Adam Goodes: That’s a very good question and I can tell you that he’s actually split from that clothing label. I actually asked him about it last year about how his clothing label was going and he, I think the pressure and the responsibility of being at our football club have helped with that decision. I didn’t tap him on the shoulder and say, “Hi mate what are you doing?” I think Buddy made a very mature decision on his clothing brand and I could see how that could be very offensive to people. I know it’s not part of who he is right now so hopefully that helps you in supporting him a little bit more.

Tess:    I haven’t read about that one and I think it should be more publicized because that completely changes my opinion with him, thank you.

Audience:       I’d like to first of all thank you for more memorable moments on the field over the last few years that I have been watching the Swans and being a fan. More importantly, after that Collingwood incident I would like to thank you for alerting me to this issue with the Aboriginals not being a part of the Australian constitution.

I was absolutely shocked that we have immigration and boats as a bigger issue than that so my question is, as an ordinary Australian what can we do to actually make that happen as a matter of urgency? It is ridiculous that it is happening in this century that you are not a part of the constitution.

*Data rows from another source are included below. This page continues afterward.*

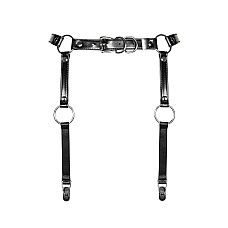Гартеры Obsessive A741 garter belt black O/S, искусственная кожа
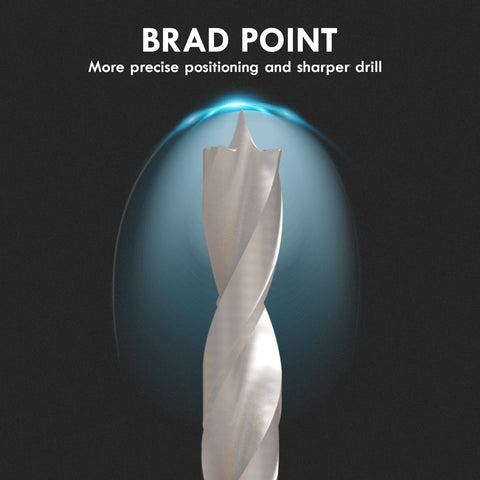 Close-up of a Brad Point Wood Drill Bit Set 29 Pieces With Double Flute HSS Bits For Carpenters Woodworking And All Kinds Of Wood Precision Starter Tips From 1/16 Inch To 1/2 Inch For Clean Accurate Holes Every Time showing double flute design and brad point tip for precision drilling through wood.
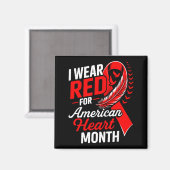 American Heart Disease Awareness Month Ribbon Red  Magneet (Voorkant / Achterkant)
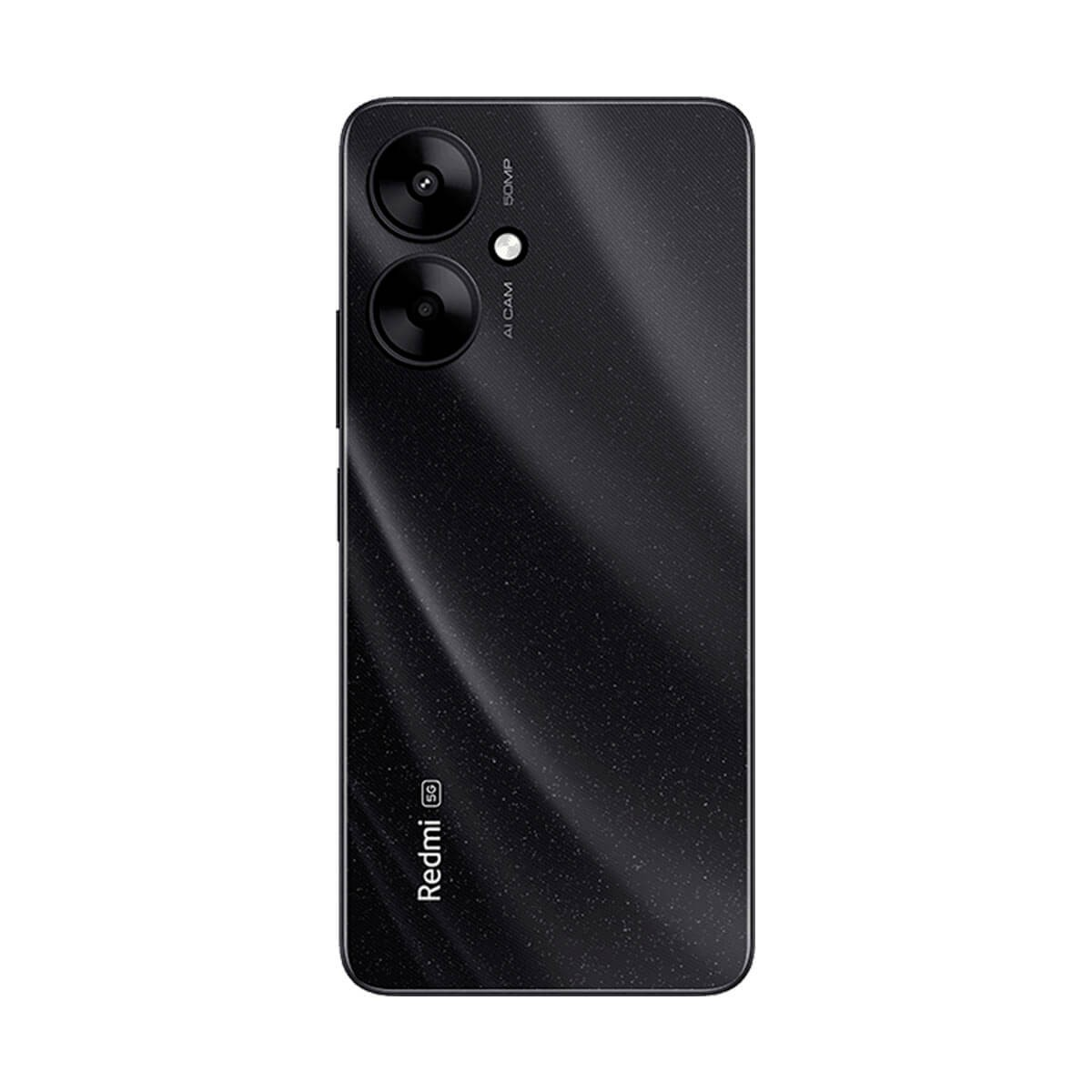 Retro di uno smartphone Redmi 5G nero con doppia fotocamera e logo bianco.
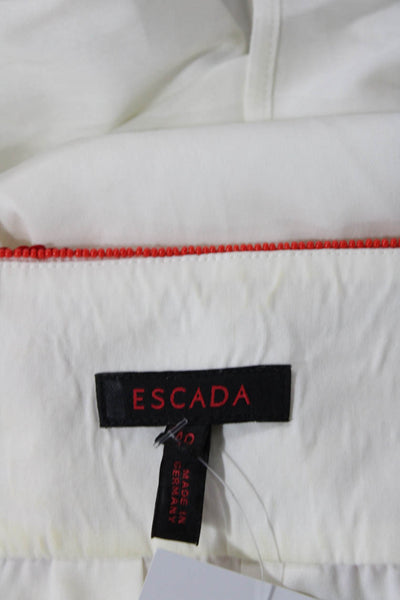 Escada Womens Cotton Beaded Round Neck Short Sleeve Blouse Cream Size 40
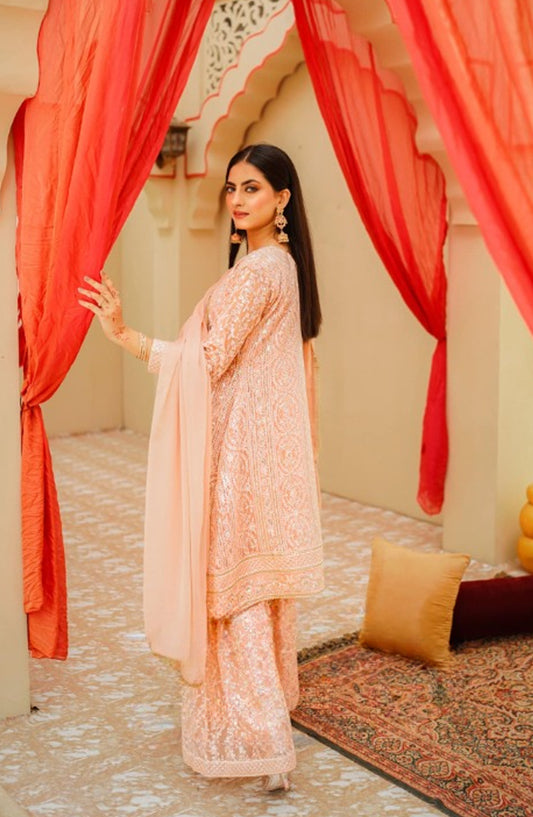 Shaadiyaan by Al Siyaab Embroidered Chiffon Stitched 3 Piece Suit - JANAAN - ALS25SHD - Peach - Festive Collection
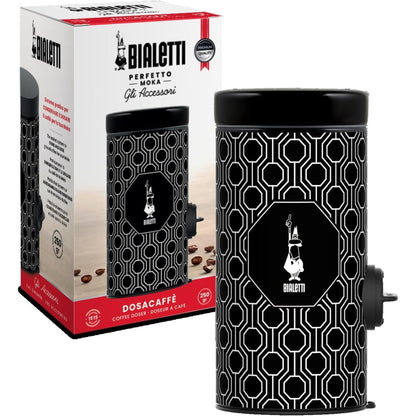 Bialetti Dosacaffè per Moka – Dosatore Caffè Macinato con Contenitore Salvafreschezza Nero e Bianco 1-9 Tazze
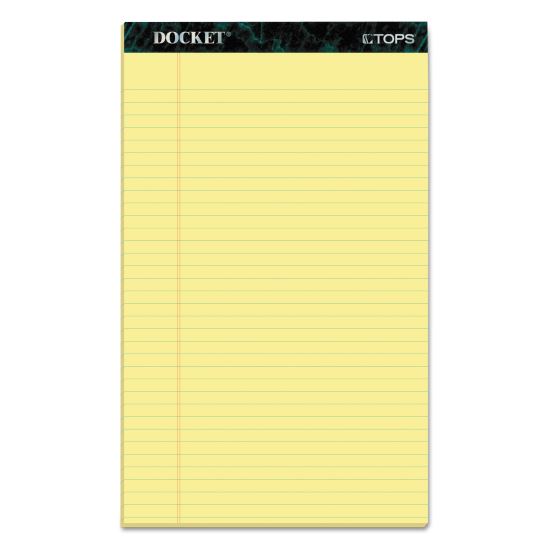 Docket Ruled Perforated Pads, Wide/Legal Rule, 50 Canary-Yellow 8.5 x 14 Sheets, 12/Pack1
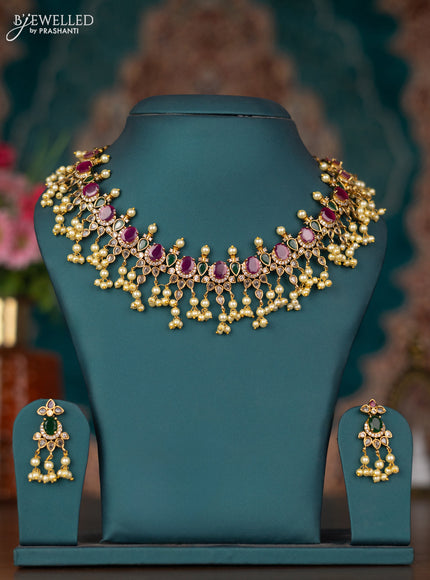 Antique guttapusalu necklace with kemp & cz stones and pearl hangings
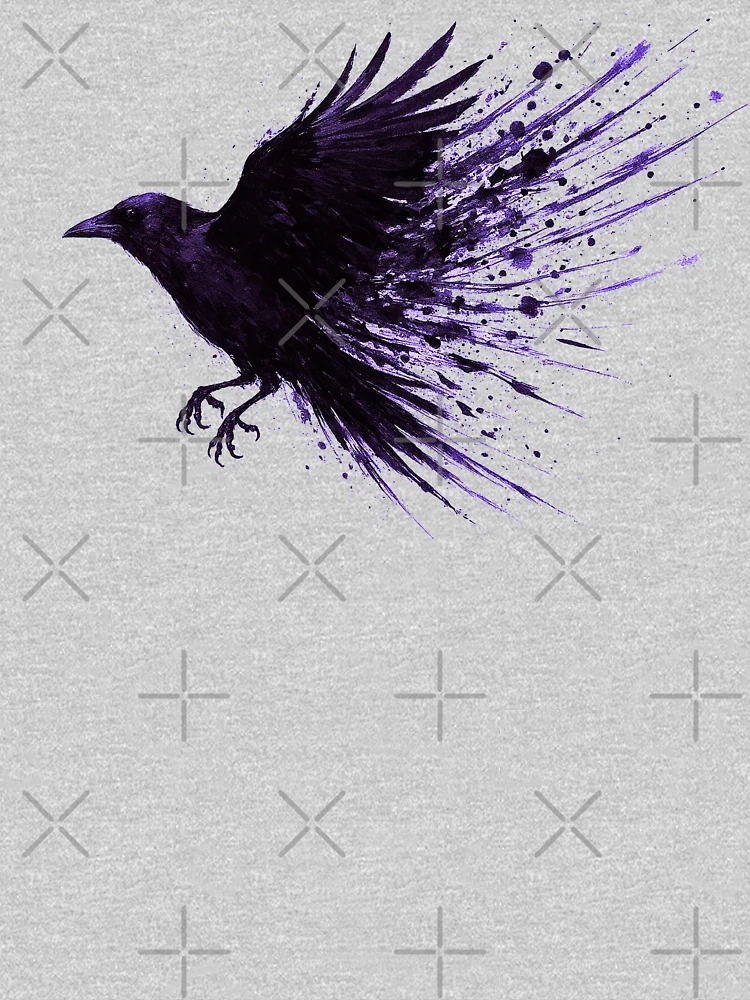 Thumbnail 7 of 7, Classic T-Shirt, Inkflight Crow designed and sold by Pixel_Riot.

Adam Goodes:            Definitely. Well you can go to the Recognize website and you can …

Audience:       I signed up already for newsletters.

Adam Goodes:            Excellent. Keep going back there and finding out if there’s something happening in your community, alert people in your community that there is a Recognize event coming on. Let’s get people there, let’s go ask questions, let’s find out what the movement is about. Question your people in the street, in your family, in your workplace: do you know what Recognize Movement is?

See what happens, it’s quite an interesting question to that some quite predominantly high figures in our society who maybe still don’t know what the Recognize Movement is. I take it on as part of my roles to help educate people that there’s something going out there.

Audience:       That’s about what we can do? To discuss it?

Adam Goodes:            Just discuss it because once they find out what the Recognize Movement is and what we are actually trying to do, keeping you up, keeping going back to the website and see where the movement is going because it is really growing. We are getting bigger and hopefully when we get our Referendum, just vote Yes that could be another way you could help.

Anne Summers:          Yes.

Donald:           My question is related to a man called Alistair Campbell who was in Australia recently/ He was the media advisor or politic advisor to former British Prime Minister Tony Blair. And he was making a comment with regards to Australian politics in particular but also I guess it applies more broadly to corporate leadership, from the leadership perspective and from a team way perspective that politics could learn a hell of a lot from sport.

Some of you are answers tonight and the behavior we’ve observed of you would seem to demonstrate. Do you have a comment about that and how would that actually manifest itself?

Adam Goodes:            I think they would listen to us too much to be honest. I think what we do in sport is very unique to that field. I think with our leadership and our program at the Swans, I know people who are ex-Swans in this room take those same values, those same behaviors into their workplaces and be very successful in leadership roles in those areas. I’ve got no doubt there is a place for it.  A lot of the corporate events that we do and we talk about our leadership program, they shake their head at it and they think, “Why would I teach our youngest person at our organization on what they need to do take my job?”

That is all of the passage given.